As an example of when you might want to use 'dtfold' we will build a
population counter: a circuit that counts the number of bits set to '1' in
a 'Clash.Sized.BitVector.BitVector'. Given a vector of /n/ bits, we only need we
need a data type that can represent the number /n/: 'Index' @(n+1)@. 'Index' @k@
has a range of @[0 .. k-1]@ (using @ceil(log2(k))@ bits), hence we need 'Index' @n+1@.
As an initial attempt we will use 'tfold', because it gives a nice (@log2(n)@)
tree-structure of adders:

@
populationCount :: (KnownNat (2^d), KnownNat d, KnownNat (2^d+1))
                => BitVector (2^d) -> Index (2^d+1)
populationCount = tfold (resize . bv2i . pack) (+) . v2t . bv2v
@

The \"problem\" with this description is that all adders have the same
bit-width, i.e. all adders are of the type:

@
(+) :: 'Index' (2^d+1) -> 'Index' (2^d+1) -> 'Index' (2^d+1).
@

This is a \"problem\" because we could have a more efficient structure:
one where each layer of adders is /precisely/ wide enough to count the number
of bits at that layer.
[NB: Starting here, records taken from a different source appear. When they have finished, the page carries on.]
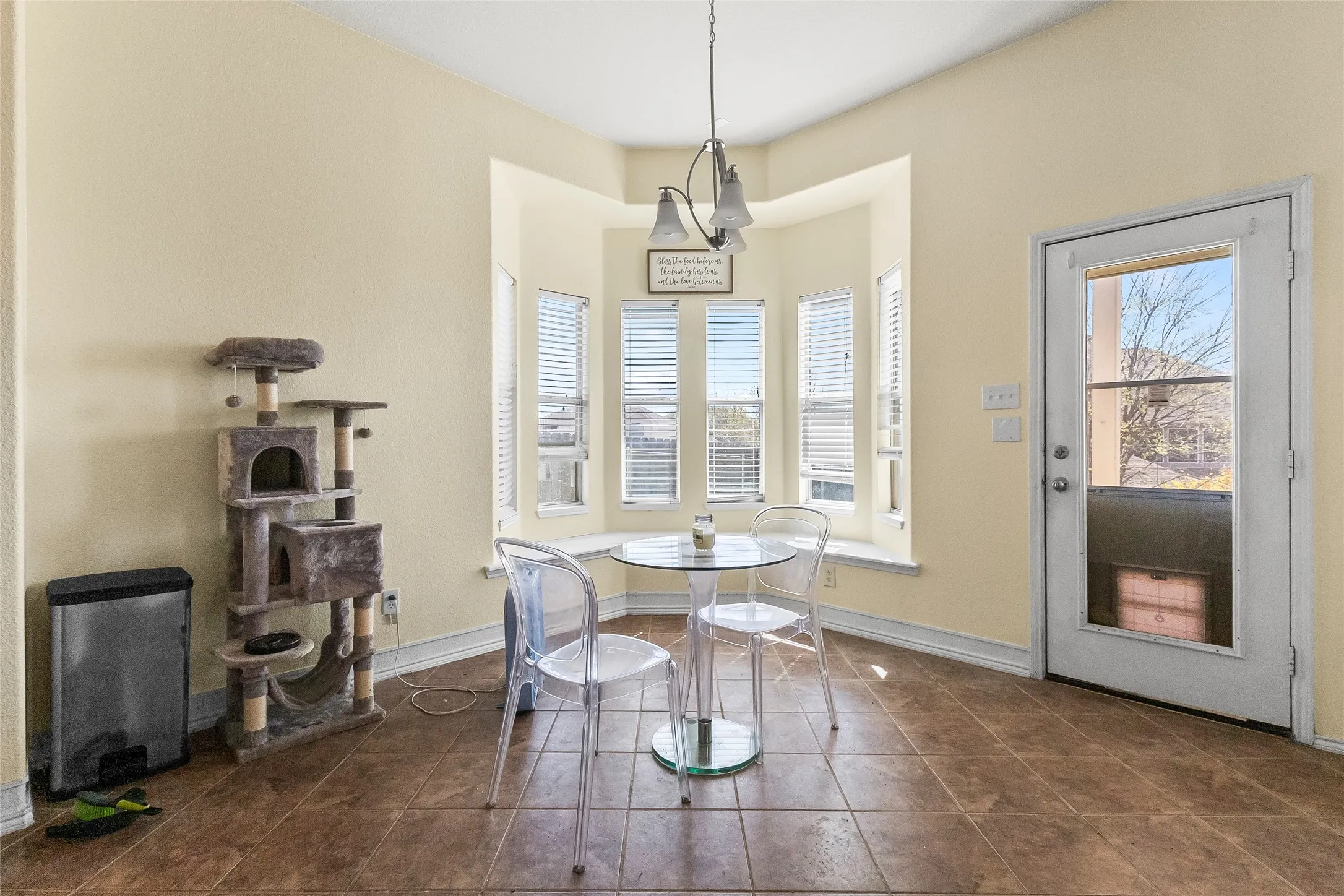 Single Family Residence For Sale in Tarrant County , 824 Peach Lane, Burleson, Texas 76028, 3 Bedroom, 3 Bathroom, 2 Garage spaces, 2,910 Sqft, built in 2007, Preowned, mls#21210684, Real Estate Agent in Burleson, Homes For Sale in Tarrant county, Homes For Sale in Burleson, Realtor in Burleson Texas, Real Estate Brokerage Independent Realty Texas, Luminita Cordes Realtor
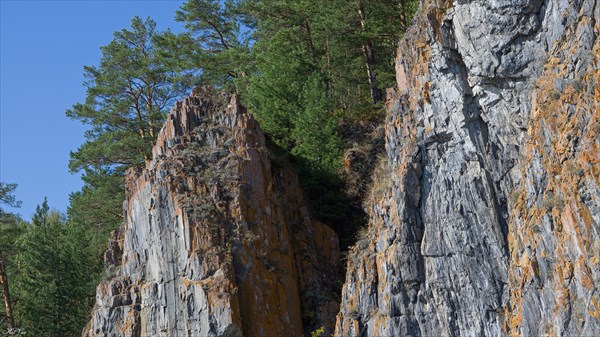 Скалы перед притоком Рудаковка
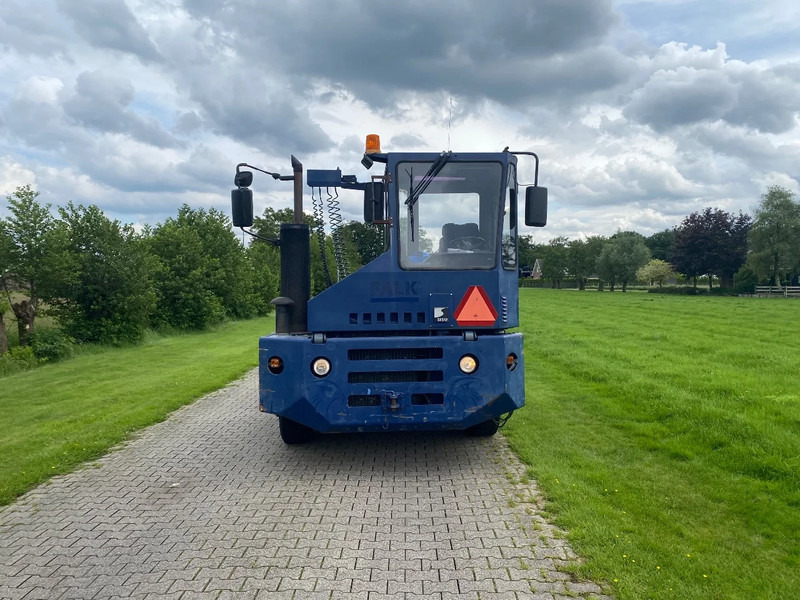 Terminalni traktor Sisu E TRX 182 | HYDROLIC | CENTRAL LUBRIGATION | NO RUST !!!: slika 7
That is, at height /d/ we want the adder to be of
type:

@
'Index' ((2^d)+1) -> 'Index' ((2^d)+1) -> 'Index' ((2^(d+1))+1)
@

We have such an adder in the form of the 'Clash.Class.Num.add' function, as
defined in the instance 'Clash.Class.Num.ExtendingNum' instance of 'Index'.
However, we cannot simply use 'Clash.Sized.Vector.fold' to create a tree-structure of
'Clash.Class.Num.add's:

#if __GLASGOW_HASKELL__ >= 900
>>> :{
let populationCount' :: (KnownNat (2^d), KnownNat d, KnownNat (2^d+1))
                     => BitVector (2^d) -> Index (2^d+1)
    populationCount' = tfold (resize . bv2i . pack) add . v2t . bv2v
:}
<BLANKLINE>
<interactive>:...
    • Couldn't match type: (((2 ^ d) + 1) + ((2 ^ d) + 1)) - 1
                     with: (2 ^ d) + 1
      Expected: Index ((2 ^ d) + 1)
                -> Index ((2 ^ d) + 1) -> Index ((2 ^ d) + 1)
        Actual: Index ((2 ^ d) + 1)
                -> Index ((2 ^ d) + 1)
                -> AResult (Index ((2 ^ d) + 1)) (Index ((2 ^ d) + 1))
    • In the second argument of ‘tfold’, namely ‘add’
      In the first argument of ‘(.)’, namely
        ‘tfold (resize . bv2i . pack) add’
      In the expression: tfold (resize . bv2i . pack) add . v2t . bv2v
    • Relevant bindings include
        populationCount' :: BitVector (2 ^ d) -> Index ((2 ^ d) + 1)
          (bound at ...)

#else
>>> :{
let populationCount' :: (KnownNat (2^d), KnownNat d, KnownNat (2^d+1))
                     => BitVector (2^d) -> Index (2^d+1)
    populationCount' = tfold (resize . bv2i . pack) add . v2t . bv2v
:}
<BLANKLINE>
<interactive>:...
    • Couldn't match type ‘(((2 ^ d) + 1) + ((2 ^ d) + 1)) - 1’
                     with ‘(2 ^ d) + 1’
      Expected type: Index ((2 ^ d) + 1)
                     -> Index ((2 ^ d) + 1) -> Index ((2 ^ d) + 1)
        Actual type: Index ((2 ^ d) + 1)
                     -> Index ((2 ^ d) + 1)
                     -> AResult (Index ((2 ^ d) + 1)) (Index ((2 ^ d) + 1))
    • In the second argument of ‘tfold’, namely ‘add’
      In the first argument of ‘(.)’, namely
        ‘tfold (resize . bv2i . pack) add’
      In the expression: tfold (resize . bv2i . pack) add . v2t . bv2v
    • Relevant bindings include
        populationCount' :: BitVector (2 ^ d) -> Index ((2 ^ d) + 1)
          (bound at ...)

#endif

because 'tfold' expects a function of type \"@b -> b -> b@\", i.e. a function
where the arguments and result all have exactly the same type.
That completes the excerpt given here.